Posted by Joe Robinson

Aitutaki Island is the place for vacation copy

Not only do Americans have the shortest annual paid vacations by far among industrialized nations, we also have developed a habit over the last couple decades of self-inflicting even shorter holidays than are in our company policies by leaving untaken vacation days on the table.

It’s bad for your health, productivity, leaves you with life highlights unlived, and I would like to simply plead, don’t do it again this summer!

AT A CERTIFIABLE LOSS

A Glassdoor survey found that half of American workers give back unused vacation time every year.  Expedia’s annual vacation deprivation survey reports the grim stat that Americans give back some 400 million vacation days each year.

An Australian or German vacationer would find it incomprehensible to give back a single hour of their allotment of four to six weeks. Wait a minute! You are actually going to voluntarily abbreviate your holiday? No, that would be certifiable.

Not taking all your vacation time is like handing back your paycheck, only worse, since you are handing back priceless items such as life experiences, which studies show make us happier than material things. They are the living we are making for ourselves, the proof of some semblance of work-life balance and a reminder of what's out there for us if we are.

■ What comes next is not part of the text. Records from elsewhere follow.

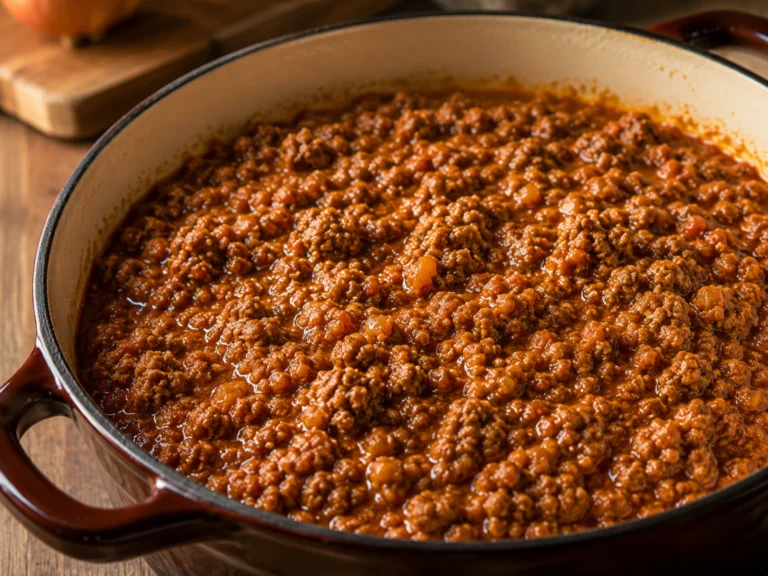 Ragù alla Bolognese tradizionale in una casseruola pesante, consistenza cremosa e concentrata, carne ben distinguibile, colore arancione scuro naturale, poco pomodoro, superficie lucida e avvolgente
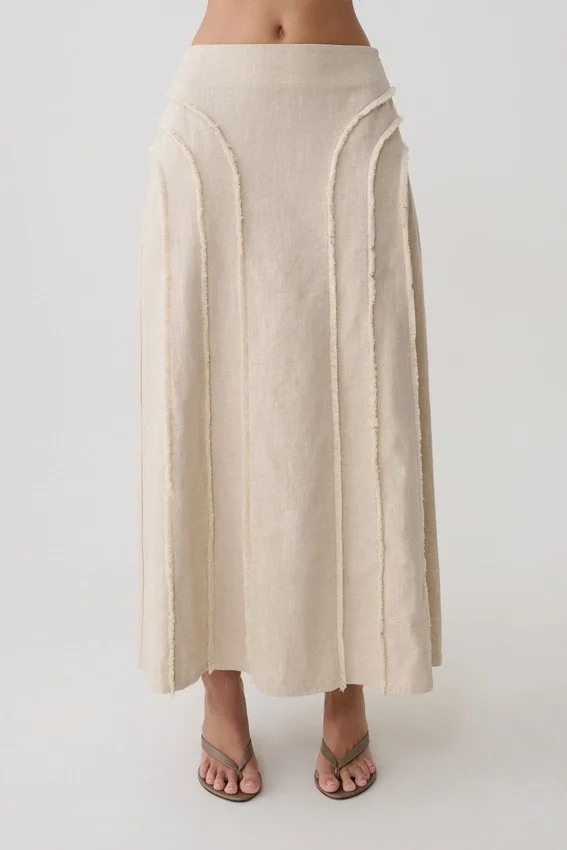 Annie Linen Frayed Midi Skirt – Natural Annie Linen Frayed Midi Skirt – Natural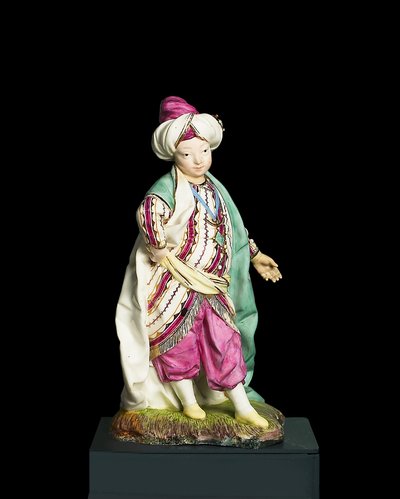 लड़का एक सुल्तान के रूप में तैयार होकस्ट कारख़ाना, सी .1770 (हार्ड-पेस्ट चीनी मिट्टी के बरतन) द्वारा Johann Peter Melchior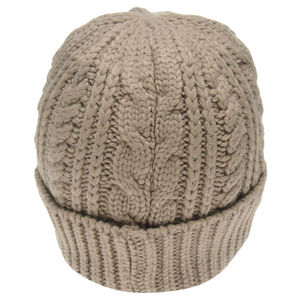 Bonnets épais en tricot torsadé avec logo personnalisé OEM vente en gros chapeau d'hiver unisexe en tissu doux, respirant et chaud ski randonnée - Product Image 3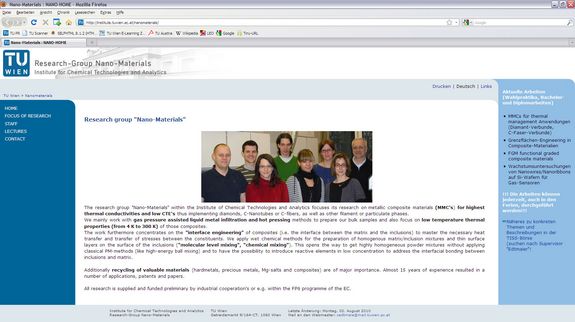 Screenshot Website Nano-Materials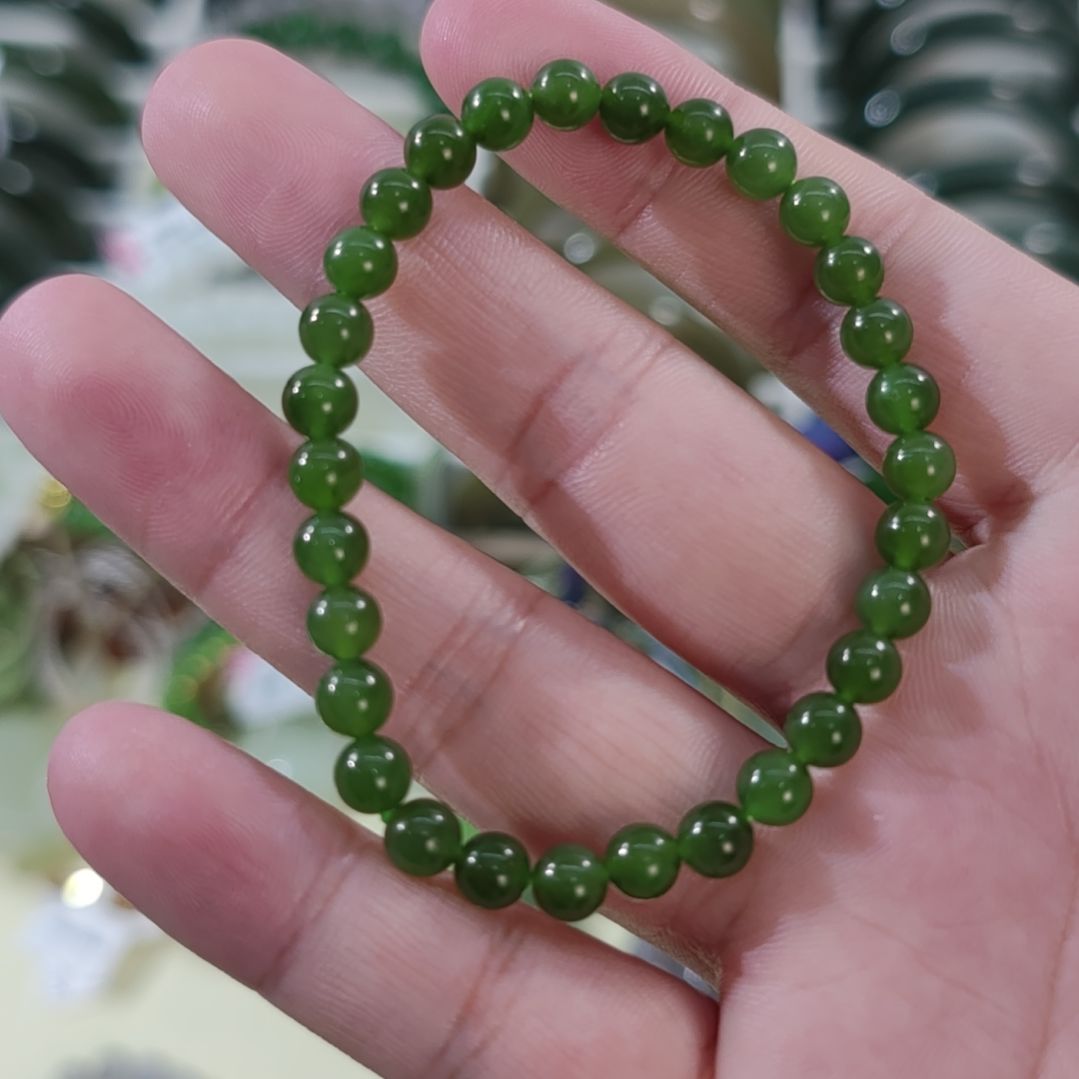 和田玉未镶嵌手链卡6精品无黑点碧玉手串×1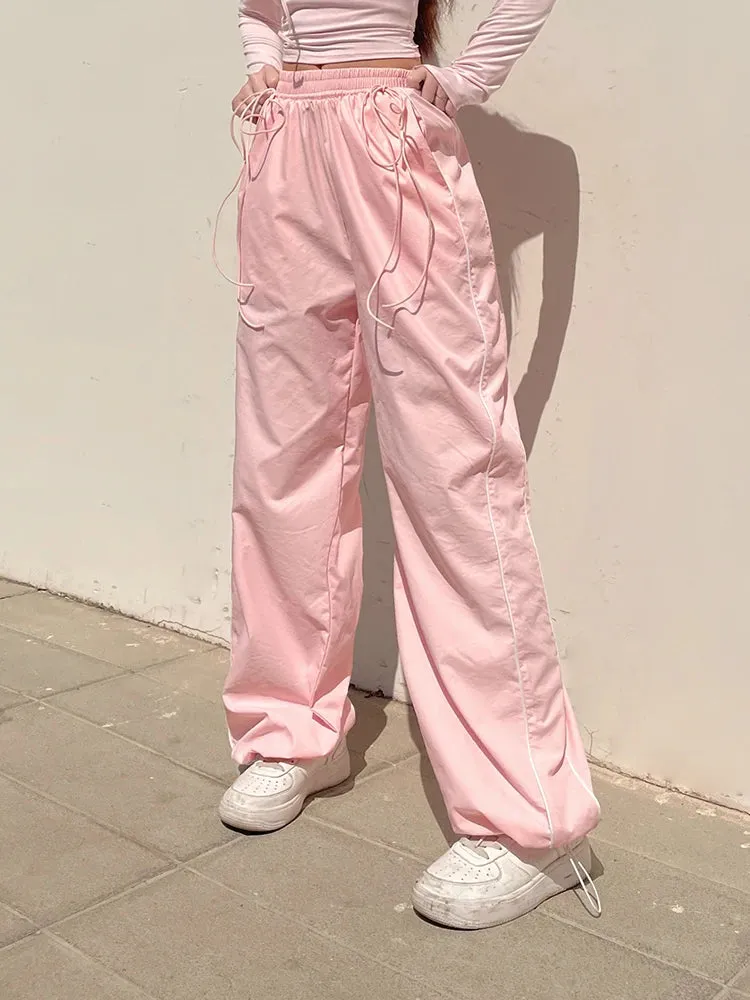 Casual Korean Stripe Pink Baggy Trousers Female Drawstring Elastic Waist Sporty Sweatpants Joggers Street Style Tech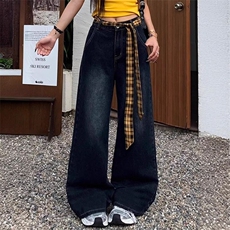 通勤韩版ins街头休闲阔腿牛仔裤女春秋季新款垂感时尚拖地牛仔裤，男装牛仔裤，星座506A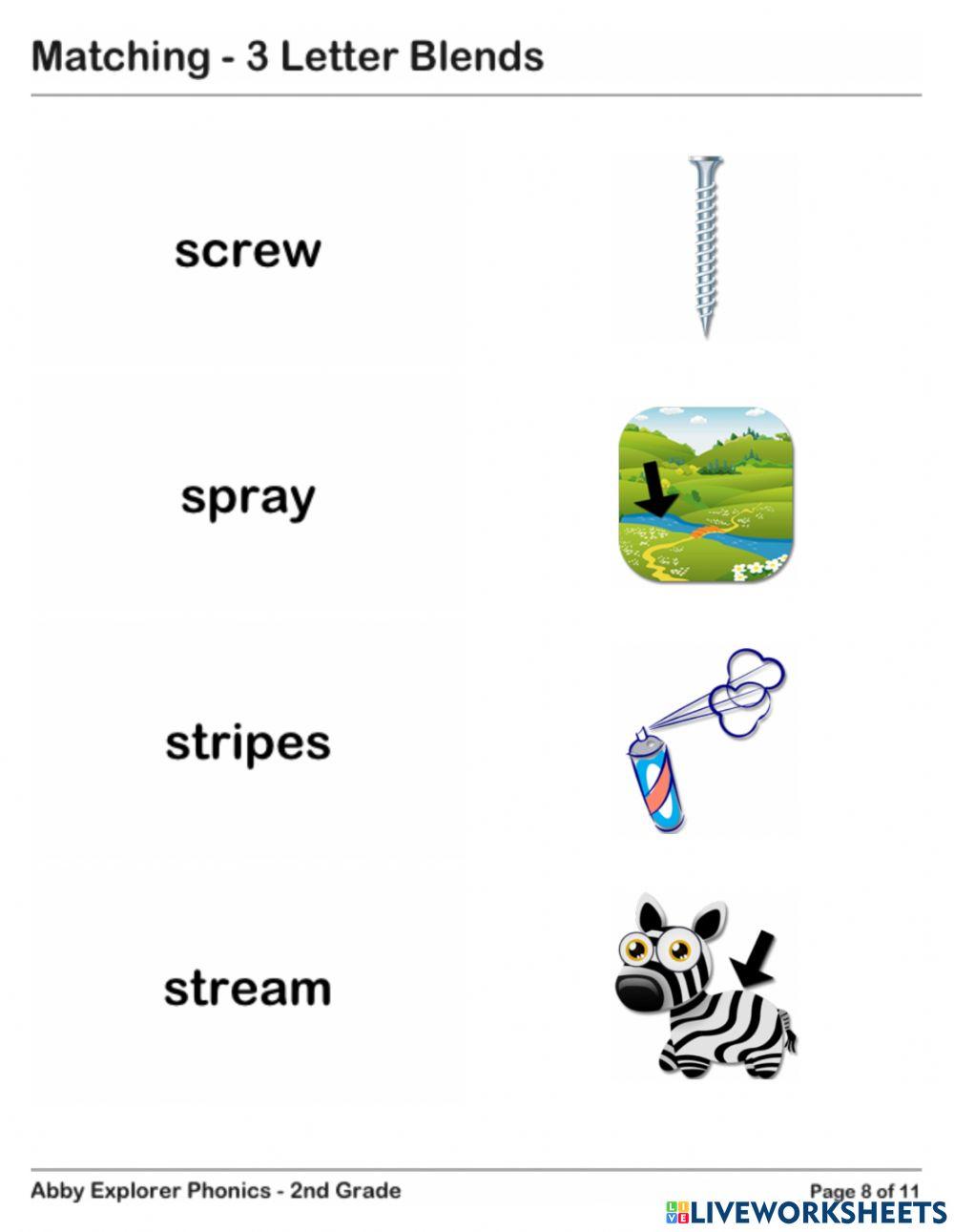 Three-Letter Consonant Blends Vocabulary Practice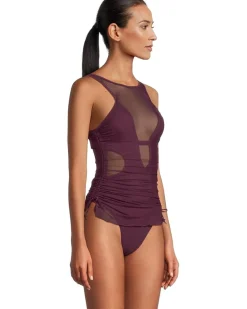 Muse Macie High Neck Mesh Overlay One Piece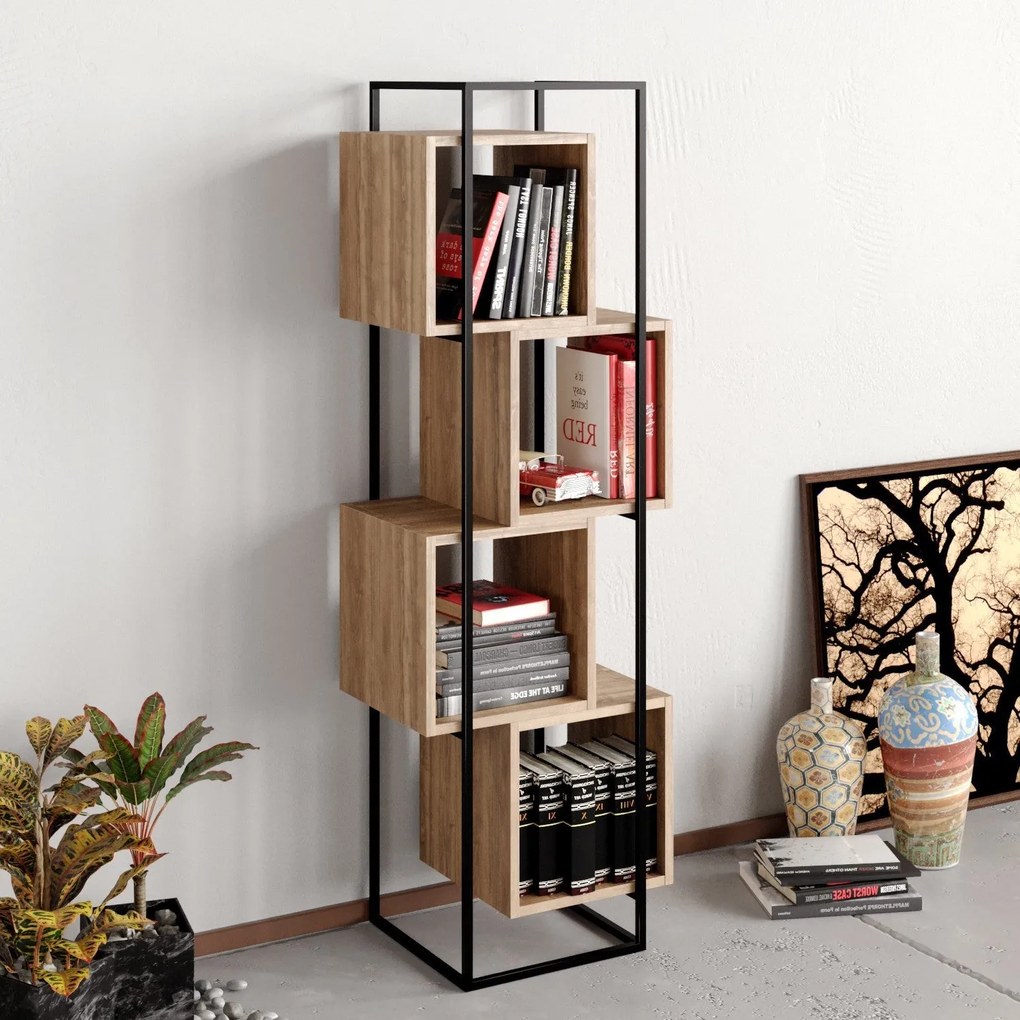 Estante Prada – Noz e Preto – 52x160x38 cm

The annual holiday is your best chance all year of fully partaking in the panoply of life opportunities free of duty and obligation. The time you shave from your vacay or holiday that's skipped completely is never coming back again. That's not going to sit well when you look back over your life. We regret more the things we don't do than what we do. Researchers call it "the inaction effect."

THE LOSE-LOSE OF LIFE LEFT ON THE TABLE

The research tells us that not taking all our time off is a lose-lose, for you and the company. Reaction times have been shown to increase 40% when we return from a vacation. Studies show breaks of all kinds, from five minutes to two-week vacations increase productivity. Minds and bodies get rebooted after the recuperative time away from the source of stress. It takes less effort to get the job done when we come back to the job.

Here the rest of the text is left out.